The Bundesrat, the legislative body made up of representatives from the country's sixteen federal states, voted to ban vehicles with gas and diesel engines by 2030 essentially working their way to a pollution-free Germany. That gives them fourteen years to shift from pollution-emitting engines to environment-friendly ones .

Pollution-Free Germany

The nation has already set a goal of lessening their CO2 emissions by 95 percent by 2050. This new proposal to ban internal combustion engines is just another step towards that goal. They previously allotted 1 billion Euros to a new incentive scheme that will encourage consumers to purchase electric cars. Currently, there are only around 50,000 electric vehicles and hybrids in the country. That's a small percentage considering Germany has 45 million cars. The incentive scheme aims to have 400,000 more electric cars on the road.

 

Bumps On The Road

The resolution still requires the approval of the European Union as drivers and vehicle owners from other member countries of the EU who drive to or through Germany will also be affected. The Bundesrat has asked the executive arm of the EU, the European Commission, to look into the "recent tax and contribution practices of Member States on the effectiveness in promoting zero-emission mobility." This move may mark the end of the low tax levels imposed on diesel fuel.

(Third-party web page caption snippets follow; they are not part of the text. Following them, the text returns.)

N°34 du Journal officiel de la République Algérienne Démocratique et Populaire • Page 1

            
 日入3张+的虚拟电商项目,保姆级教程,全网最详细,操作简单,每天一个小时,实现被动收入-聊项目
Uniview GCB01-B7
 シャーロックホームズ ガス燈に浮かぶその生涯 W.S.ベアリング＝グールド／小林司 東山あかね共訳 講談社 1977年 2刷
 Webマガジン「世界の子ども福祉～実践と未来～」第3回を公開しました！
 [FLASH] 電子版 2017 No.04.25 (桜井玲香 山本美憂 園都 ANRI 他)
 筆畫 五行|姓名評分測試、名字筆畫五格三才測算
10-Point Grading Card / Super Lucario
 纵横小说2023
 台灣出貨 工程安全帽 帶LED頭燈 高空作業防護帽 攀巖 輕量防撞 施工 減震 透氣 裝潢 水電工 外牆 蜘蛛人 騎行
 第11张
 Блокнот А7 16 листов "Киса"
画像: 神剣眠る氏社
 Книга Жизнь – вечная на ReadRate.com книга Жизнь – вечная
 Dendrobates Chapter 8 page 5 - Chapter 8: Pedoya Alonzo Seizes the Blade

The non-binding proposal may come as a surprise considering the German nation is one of the leading manufacturers of automobiles in the world. In fact, it is the top automaker in Europe and ranks third worldwide.

Another issue being thrown at the resolution is that electric cars and hybrids require electricity. These vehicles are manufactured with the help of electricity and they also require electricity to charge their batteries. According to critics, the generation of electricity will increase carbon dioxide emissions.

As for the German automakers, they are anticipating this move by shifting their focus on producing and promoting their electric cars. Mercedes Benz, another car company in Germany, has plans to launch at least ten electric car models by 2025. Volkswagen indicated that they will produce at least twenty-four electric vehicles in the next ten years while BMW, which recently launched its 5 Series 2017, is planning a plug-in hybrid version of their 7 Series.